Памяти пафоса (Гольдштейн) - страница 37

Проза Миллера в большей степени, нежели главный роман Джойса, заслуживает быть названной эпической — в точном, жанровом смысле. «Улисс» — ультрапсихологичен, его персонажи проецируют в мир звуковые свечения своего новаторски оркестрованного сознания. В «Тропике Рака» и последующих миллеровских сочинениях никакой психологии нет, как нет ее в эпосе. Но зато в них всеми огнями горят метафоры жизненного и временного потоков, вовлекающих в свое стремленье все, что можно вовлечь, — от картин Матисса, набережной и каштанов до ночлежек и общественных уборных с клошарами и писсуарами.

«Улисс» — чрезвычайно иерархизированная книга. Реальное в ней не равно идеальному, материя — символам, «бытовые» описания — мифолого-фантастическим, один язык и стиль — другому языку и стилю. И хотя между этими ярусами текста происходит непрерывная перекличка и с функциональной точки зрения, по их месту в рабочем строю, они между собою равны, — их разнокачественная природа не вызывает сомнений. У Миллера — ничего подобного. О какой иерархии может идти речь, когда он выплескивает ребенка вместе с водой и корытом, с головой накрывая их всех брюзгливо-лирическим извержением, затопляющим различения и перегородки. Его проза вбирает в свою воронку бытие без степеней и разрядов. Она мыслит бесконечными перечнями, реестрами и каталогами — списками кораблей, которыми, наряду с любовью, движутся и море, и Гомер. «Продолжим со всем этим: такси, пароходы, поезда, лигроиновые завтраки; пляжи, клопы, шоссе, тропинки, руины; развалины, старый мир, причал, дамба; хирургические щипцы, взлетающая трапеция, канава, дельта, аллигаторы, крокодилы, разговоры, разговоры и снова разговоры; потом снова дороги и снова пыль в глаза, снова радуга, снова ливень, снова завтрак, снова крем, снова лосьон. А когда все пути будут пройдены и от наших безумных ног останется только пыль, память о твоем широком круглом лице — таком белом! — все равно сохранится, и о твоем большом рте, и о свежих губах, полуоткрытых, и о белых, как мел, зубах, каждый из которых совершенен, и в этом воспоминании ничто не может измениться, потому что оно, как твои зубы, совершенно…»

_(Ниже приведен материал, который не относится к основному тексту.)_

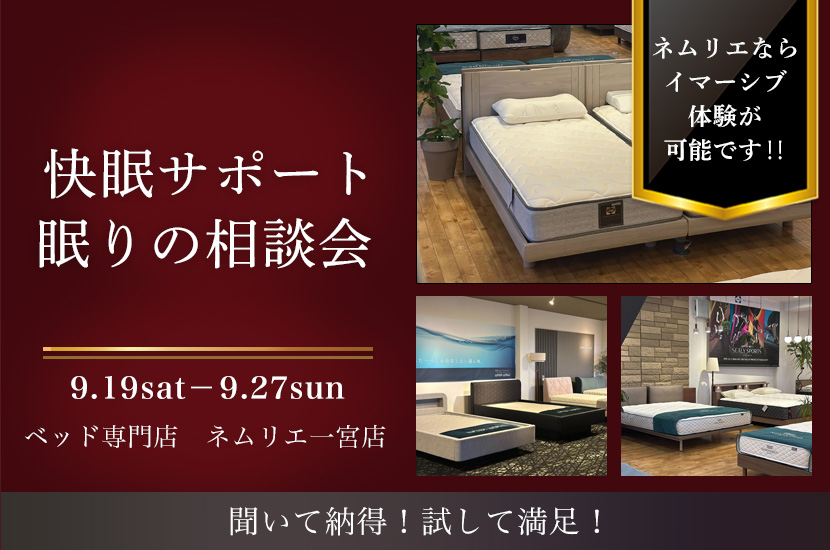 快眠サポート 眠りの相談会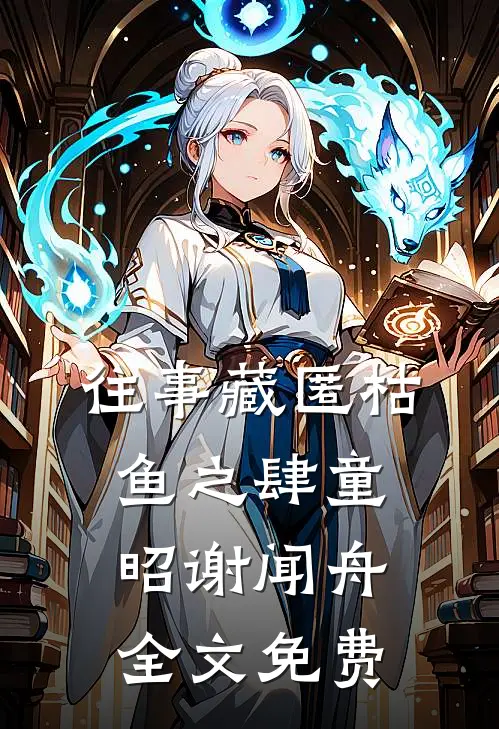 往事藏匿枯鱼之肆童昭谢闻舟全文免费
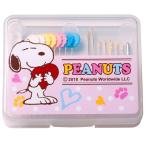 スヌーピー ニードルセット (プラケース) 裁縫道具 ソーイング 小学校 家庭科 かわいい SNOOPY 針セット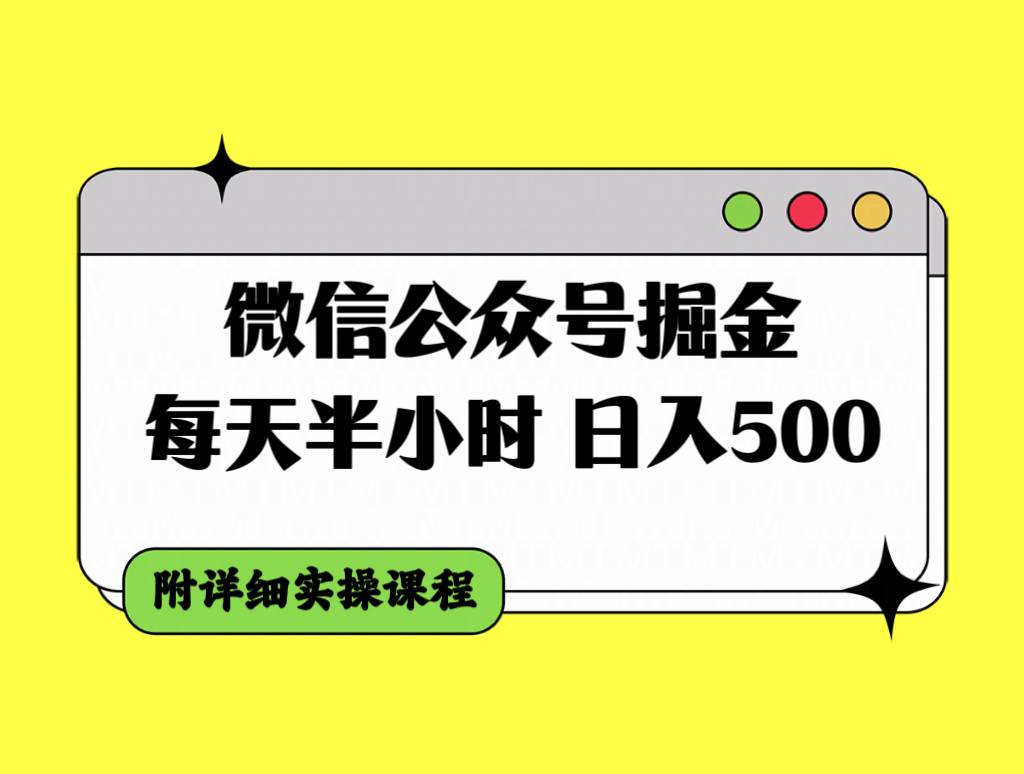 微信公众号掘金，每天半小时，日入500＋，附详细实操课程网创吧-网创项目资源站-副业项目-创业项目-搞钱项目创业吧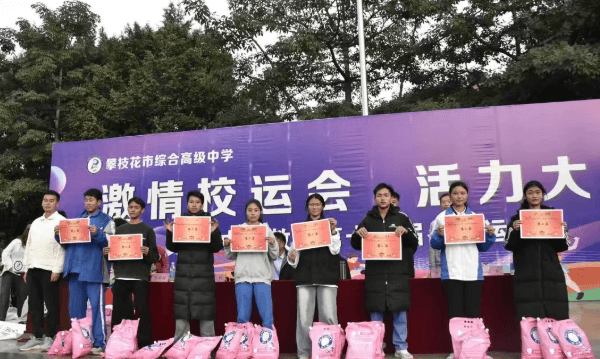 合江县少岷职业技术学校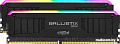 Оперативная память Crucial Ballistix MAX RGB 2x8GB DDR4 PC4-35200 BLM2K8G44C19U4BL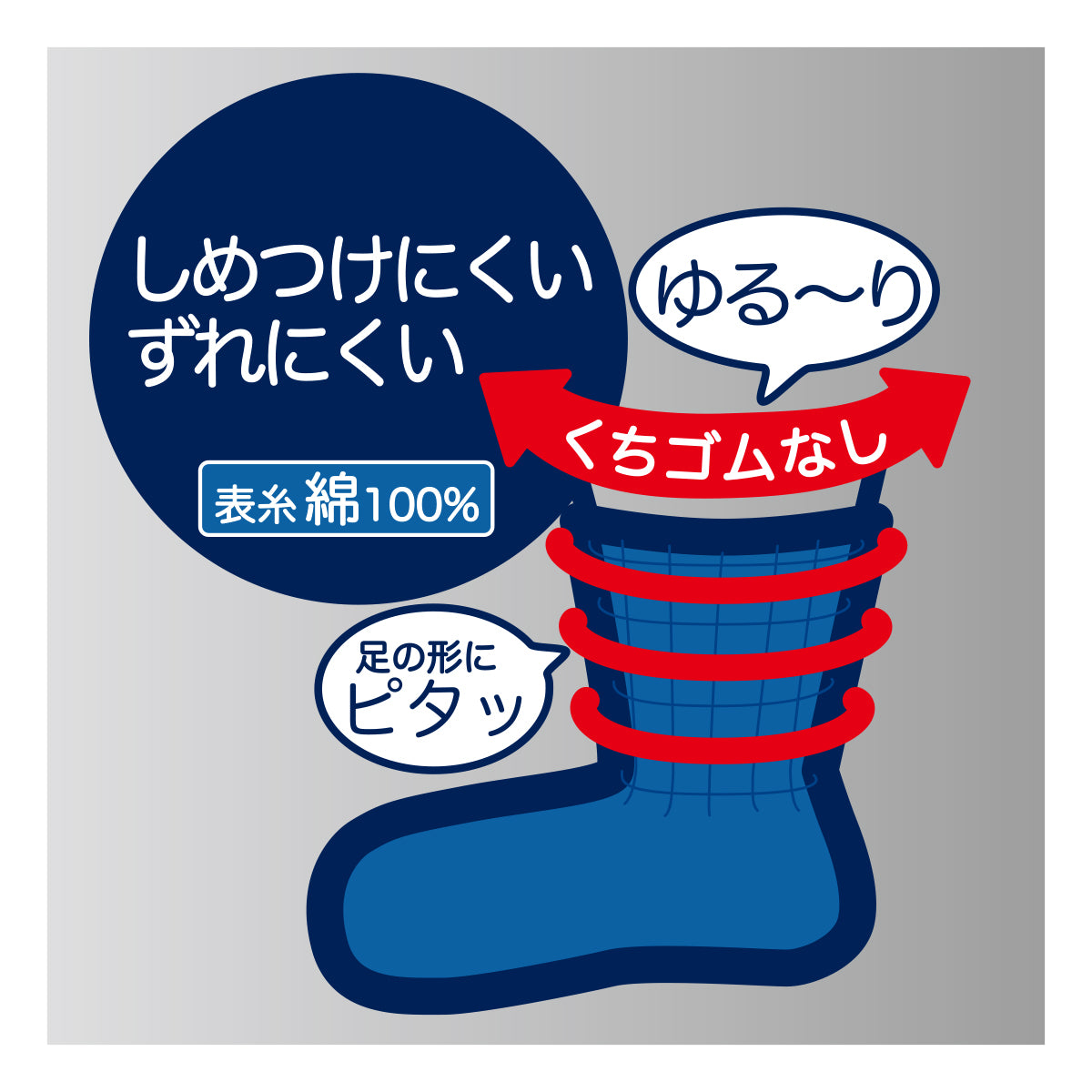 フクスケ fukuske 福助 【FUKURASHI】  チェック柄 靴下 クルー丈 口ゴムなし 表糸綿100％  紳士 男性 メンズ フクスケ fukuske ふくすけ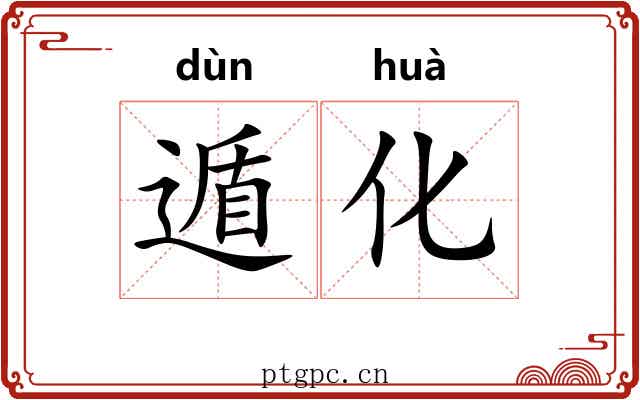 遁化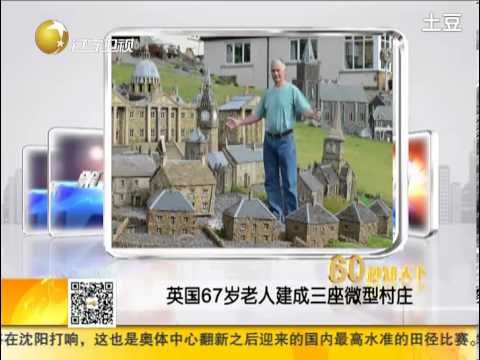 英国67岁老人建成三座微型村庄(视频)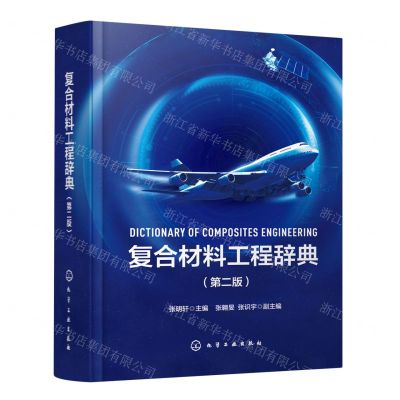 [N]复合材料工程辞典(第2版)(精)-9787122426901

Иерархизировать этот мир затруднительно по чисто стилистическим причинам — попробуй расставь этические ударения посреди реки. Таково первое впечатление. И кажется, что именно в этом — отличие Миллера, допустим, от Луи Фердинанда Селина с его злобной этической логикой (на первых порах нерушимой). Не сомневаясь в существовании полюса дьявола, Селин помещал туда целые комплексы и ансамбли объектов, пригоршнями вынимая их из несвежего трупа цивилизации — он вскрывал его с небрежным прозекторским артистизмом. Тех, о ком он писал, он ненавидел и над ними смеялся, а ненавистническое веселье в себе холил-лелеял, нутром чуя в нем главный источник энергии творчества. Гипнотическим пассам его прозы противиться невозможно, и толпам уродов, снующих в романах Селина по всем направлениям, свойственно протухшее очарование дебилизма. Автор был противен и себе самому, но с собой ему было хотя бы привычно. Полюс добра в его прозе законченного выражения не получил, но некоторое исключение делалось для парижского плебса и беднейших слоев мещанства, а также для отдельно взятых проституток — все они бывали подчас столь подавляюще жалкими, что применительно к этим созданиям агрессия обнаруживала свою художественную неплодотворность.